In this lesson you will
Library the survival
package and then the eventglm
package. We will use some commands from survival
to make sense of what is going on in the regression models.
library(survival)
library(eventglm)
Our next example involves the mgus2
dataset, included in the package:
## ?mgus2
head(mgus2)
## id age sex dxyr hgb creat mspike ptime pstat futime death etime event
## 1 1 88 F 1981 13.1 1.3 0.5 30 0 30 1 30 death
## 2 2 78 F 1968 11.5 1.2 2.0 25 0 25 1 25 death
## 3 3 94 M 1980 10.5 1.5 2.6 46 0 46 1 46 death
## 4 4 68 M 1977 15.2 1.2 1.2 92 0 92 1 92 death
## 5 5 90 F 1973 10.7 0.8 1.0 8 0 8 1 8 death
## 6 6 90 M 1990 12.9 1.0 0.5 4 0 4 1 4 death
This dataset has a number of covariates, and the time until progression to plasma cell malignancy (PCM), or death. Here the event PCM is of primary interest, with death being a competing event. The data are described and analyzed in the survival vignette (section 2.3.2):
crfit <- survfit(Surv(etime, event) ~ sex, eventglm::mgus2)

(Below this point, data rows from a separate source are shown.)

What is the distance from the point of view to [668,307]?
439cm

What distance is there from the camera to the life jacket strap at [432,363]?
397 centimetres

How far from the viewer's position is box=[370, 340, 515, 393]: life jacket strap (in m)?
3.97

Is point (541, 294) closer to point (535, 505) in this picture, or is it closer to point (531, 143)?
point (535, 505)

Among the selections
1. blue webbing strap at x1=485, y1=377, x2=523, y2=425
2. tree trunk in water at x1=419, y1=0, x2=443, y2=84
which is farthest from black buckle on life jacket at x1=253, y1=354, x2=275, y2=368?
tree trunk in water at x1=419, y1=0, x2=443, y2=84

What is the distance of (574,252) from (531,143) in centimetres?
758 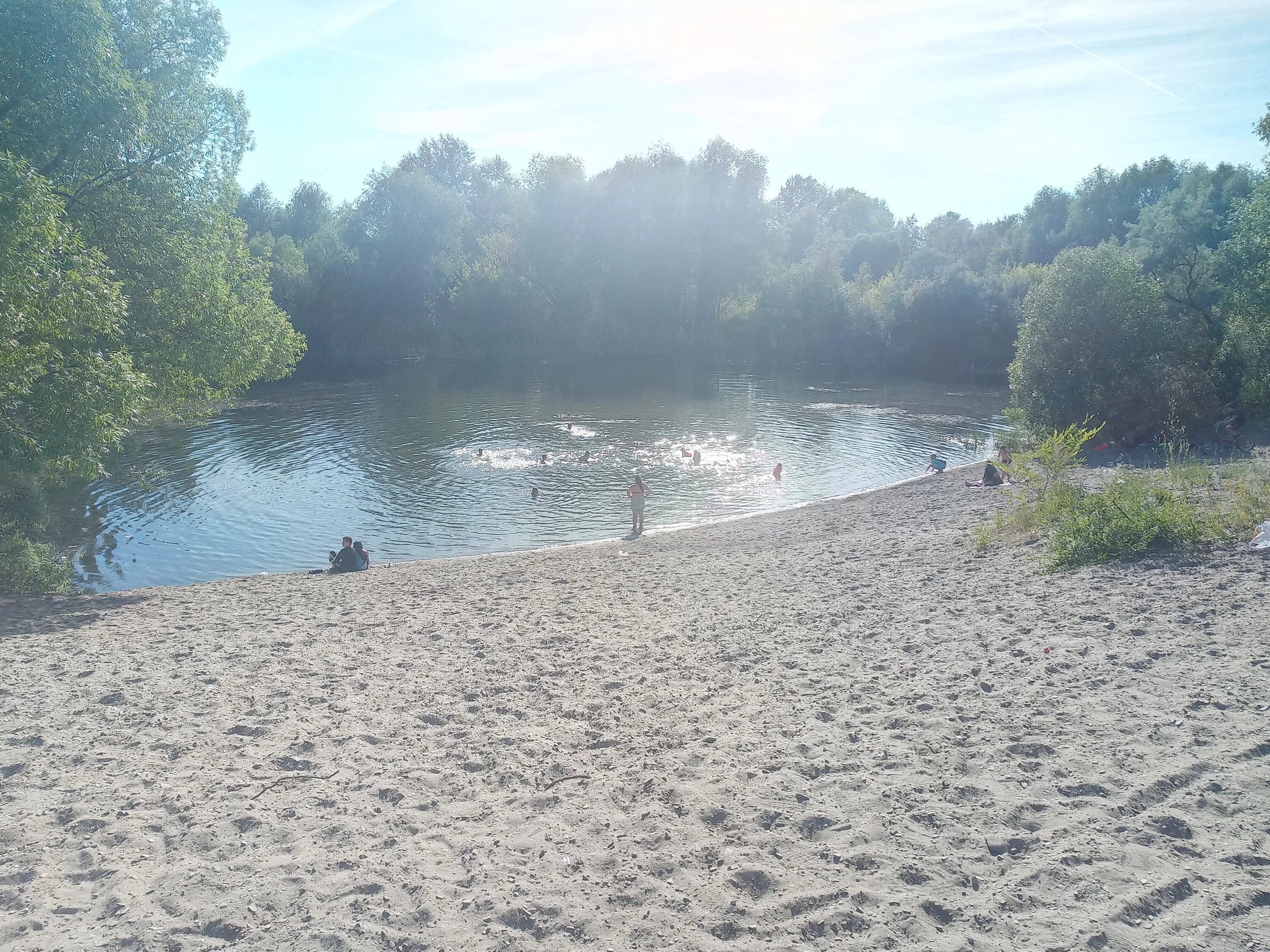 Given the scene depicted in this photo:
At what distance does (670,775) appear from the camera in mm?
6605

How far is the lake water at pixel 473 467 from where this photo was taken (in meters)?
22.1

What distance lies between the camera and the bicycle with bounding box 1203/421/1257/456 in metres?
22.4

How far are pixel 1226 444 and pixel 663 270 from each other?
194ft

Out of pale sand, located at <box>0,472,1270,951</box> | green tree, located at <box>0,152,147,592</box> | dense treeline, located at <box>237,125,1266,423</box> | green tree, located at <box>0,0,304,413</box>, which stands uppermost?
dense treeline, located at <box>237,125,1266,423</box>

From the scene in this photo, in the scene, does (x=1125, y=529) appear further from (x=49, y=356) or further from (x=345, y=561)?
(x=49, y=356)

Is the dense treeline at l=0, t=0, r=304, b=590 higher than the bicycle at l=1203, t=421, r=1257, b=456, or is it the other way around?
the dense treeline at l=0, t=0, r=304, b=590

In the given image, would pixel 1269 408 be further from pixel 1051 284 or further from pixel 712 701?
pixel 712 701

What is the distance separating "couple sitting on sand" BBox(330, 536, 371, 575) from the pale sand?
6687mm

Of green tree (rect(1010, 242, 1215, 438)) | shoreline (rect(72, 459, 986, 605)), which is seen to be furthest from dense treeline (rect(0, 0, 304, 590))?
green tree (rect(1010, 242, 1215, 438))

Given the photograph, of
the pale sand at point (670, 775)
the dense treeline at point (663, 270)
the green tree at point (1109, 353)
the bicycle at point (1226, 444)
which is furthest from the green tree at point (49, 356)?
the dense treeline at point (663, 270)

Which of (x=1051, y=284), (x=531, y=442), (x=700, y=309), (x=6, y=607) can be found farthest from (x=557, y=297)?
(x=6, y=607)

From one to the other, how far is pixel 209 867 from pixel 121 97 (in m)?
16.1

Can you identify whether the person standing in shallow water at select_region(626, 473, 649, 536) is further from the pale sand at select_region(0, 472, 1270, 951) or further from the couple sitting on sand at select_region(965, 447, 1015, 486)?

summary(crfit, times = 120)
## Call: survfit(formula = Surv(etime, event) ~ sex, data = eventglm::mgus2)
##
## sex=F
## time n.risk n.event P((s0)) P(pcm) P(death)
## 120.0000 214.0000 331.0000 0.4456 0.0739 0.4805
##
## sex=M
## time n.risk n.event P((s0)) P(pcm) P(death)
## 120.0000 210.0000 450.0000 0.3695 0.0553 0.5752
print(crfit, rmean = 120)
## Call: survfit(formula = Surv(etime, event) ~ sex, data = eventglm::mgus2)
##
## n nevent rmean*
## sex=F, (s0) 631 0 82.983485
## sex=M, (s0) 753 0 74.808346
## sex=F, pcm 631 59 4.794595
## sex=M, pcm 753 56 3.501305
## sex=F, death 631 370 32.221921
## sex=M, death 753 490 41.690349
## *mean time in state, restricted (max time = 120 )
plot(crfit, col=1:2, noplot="",
lty=c(3,3,2,2,1,1), lwd=2, xscale=12,
xlab="Years post diagnosis", ylab="P(state)")
legend(240, .65, c("Female, death", "Male, death", "malignancy", "(s0)"),
lty=c(1,1,2,3), col=c(1,2,1,1), bty='n', lwd=2)
abline(v = 120, lty = 2)
This is the competing risks setting, which can be described with the multi-state model in the figure below.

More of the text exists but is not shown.